Exercise:
Starting at the line that contains "Cozy composition with", return each line exactly as written until the listing below ends, and return no other line.

Information supplied:

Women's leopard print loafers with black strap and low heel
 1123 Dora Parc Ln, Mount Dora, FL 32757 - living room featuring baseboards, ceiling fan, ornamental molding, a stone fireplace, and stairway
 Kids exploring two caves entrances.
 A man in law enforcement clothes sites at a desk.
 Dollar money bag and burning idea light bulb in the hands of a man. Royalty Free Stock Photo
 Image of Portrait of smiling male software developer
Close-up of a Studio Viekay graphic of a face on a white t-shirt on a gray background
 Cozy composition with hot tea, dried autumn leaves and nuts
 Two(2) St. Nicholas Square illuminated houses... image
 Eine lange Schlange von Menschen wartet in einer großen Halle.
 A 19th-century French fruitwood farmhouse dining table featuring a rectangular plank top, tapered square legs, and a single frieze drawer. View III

Worked solution:
 Cozy composition with hot tea, dried autumn leaves and nuts
 Two(2) St. Nicholas Square illuminated houses... image
 Eine lange Schlange von Menschen wartet in einer großen Halle.
 A 19th-century French fruitwood farmhouse dining table featuring a rectangular plank top, tapered square legs, and a single frieze drawer. View III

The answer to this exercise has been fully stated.